**Data**
________________________
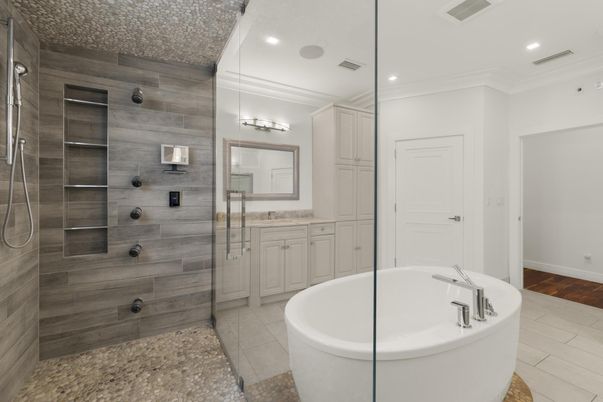 Bathroom, Free Standing Baths, Glass Shower, Interior, Recessed Lighting, Wood Texture Flooring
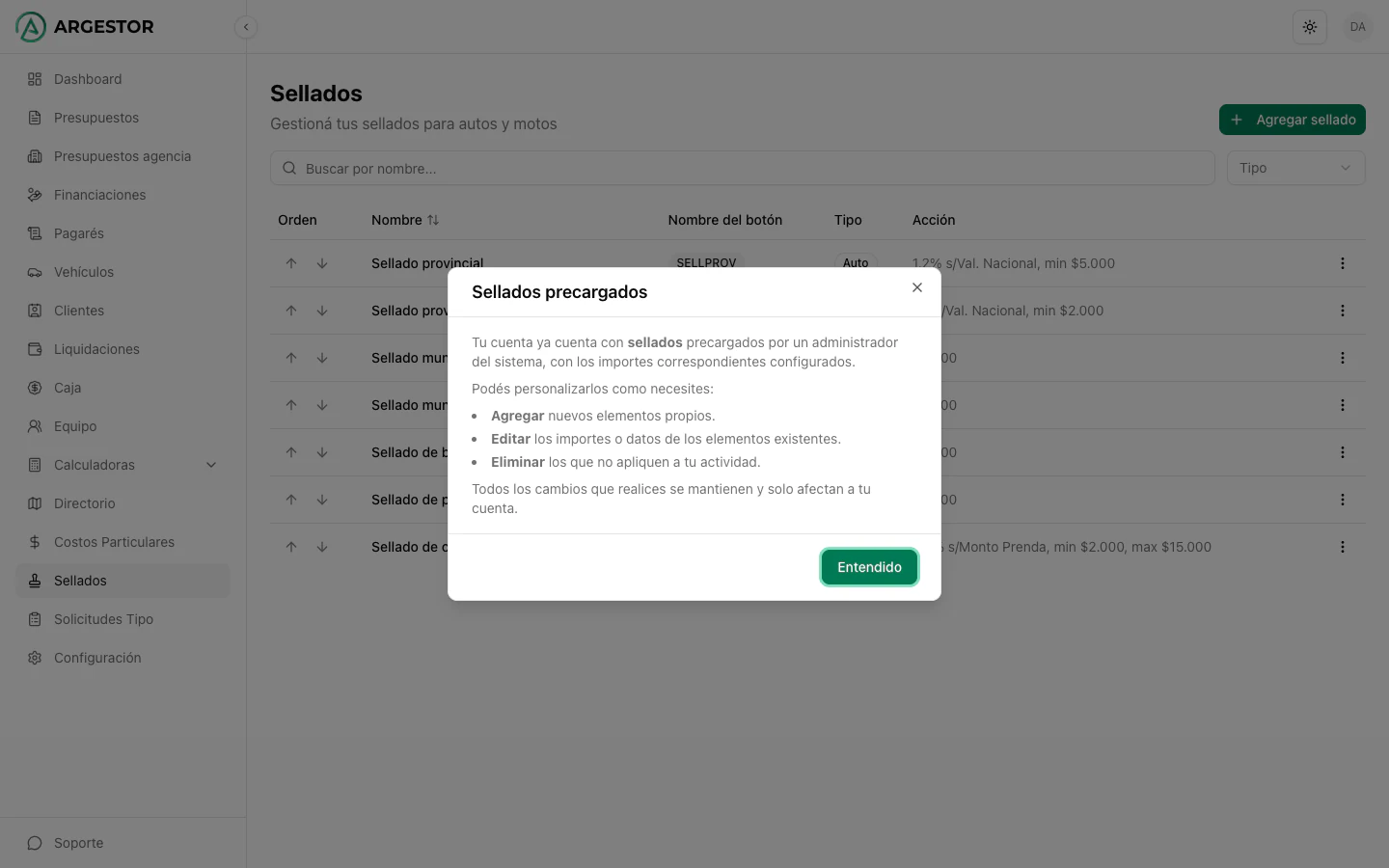 Editor de sellados de Argestor
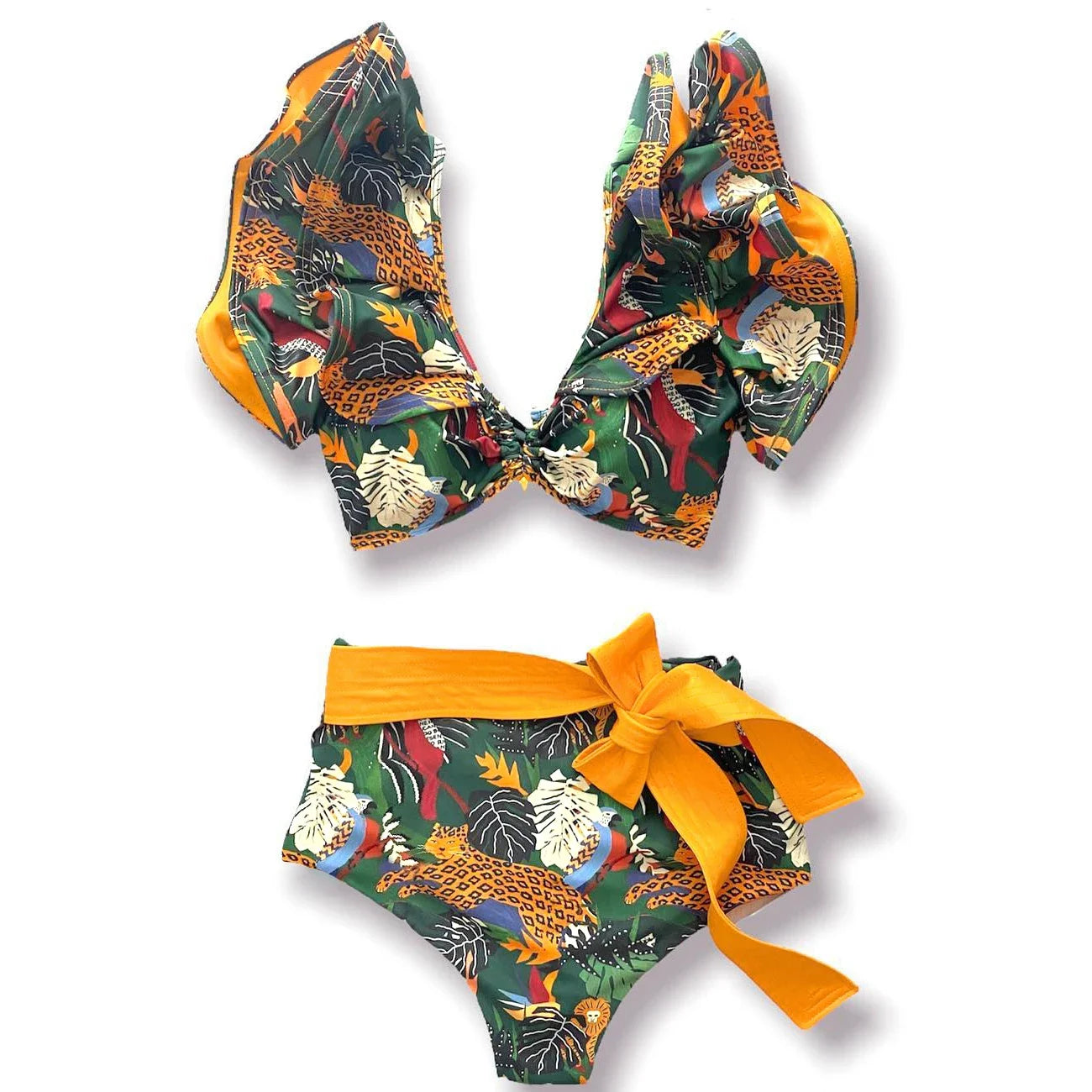 Deux pièces femmes Floral 2025 Push-Up rembourré soutien-gorge volants bandeau Bikini ensemble maillot de bain maillots de bain maillot de bain maillots de bain Biquini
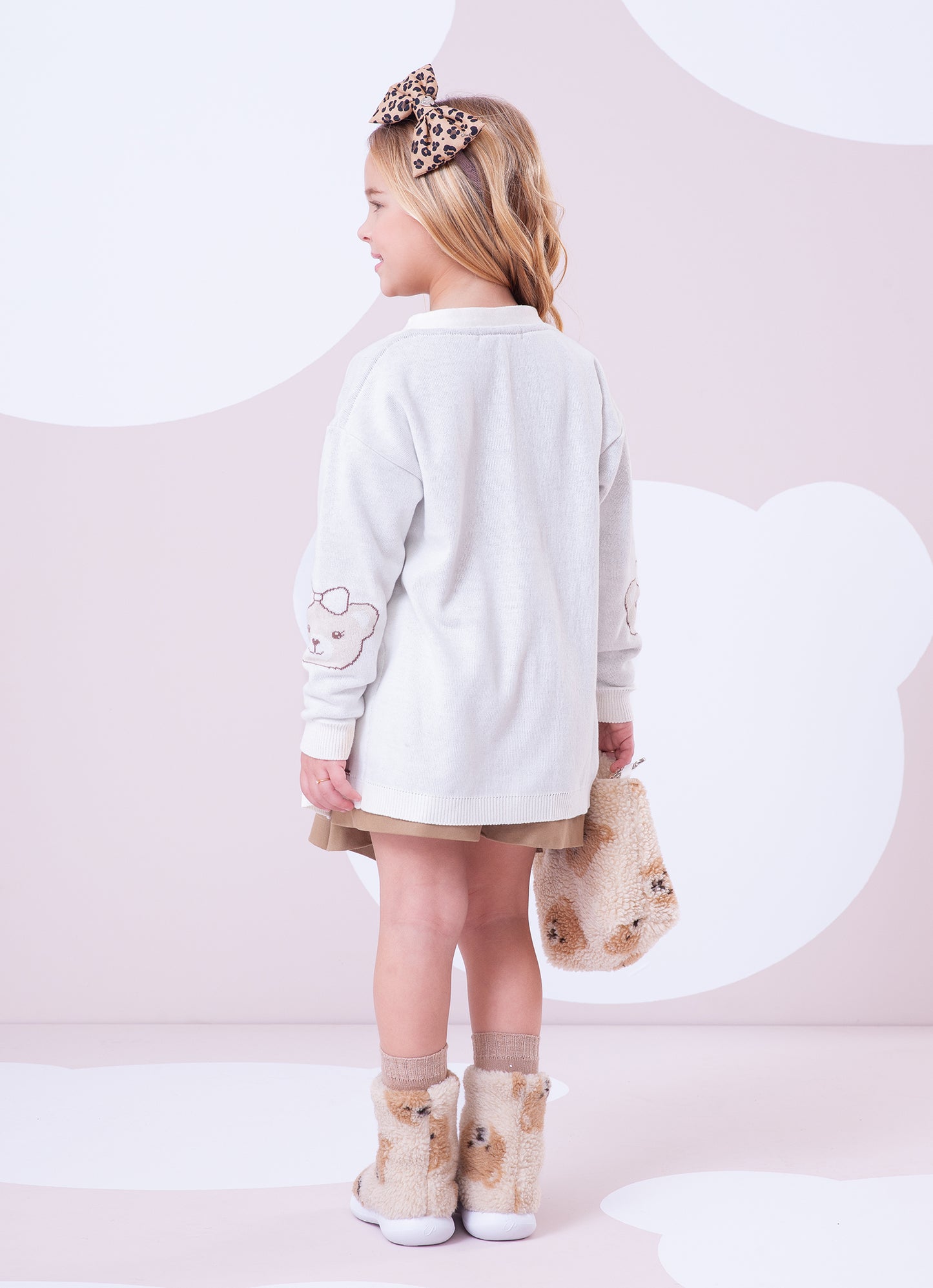 Maxi Casaco Tricot Multi Tosto Ursinhas Cristal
________________________
**Problem to work on**
Write the data out again word for word; leave the pictures behind.

**Exercise output**
 Bathroom, Free Standing Baths, Glass Shower, Interior, Recessed Lighting, Wood Texture Flooring
 Editor de sellados de Argestor
 Deux pièces femmes Floral 2025 Push-Up rembourré soutien-gorge volants bandeau Bikini ensemble maillot de bain maillots de bain maillot de bain maillots de bain Biquini
 Maxi Casaco Tricot Multi Tosto Ursinhas Cristal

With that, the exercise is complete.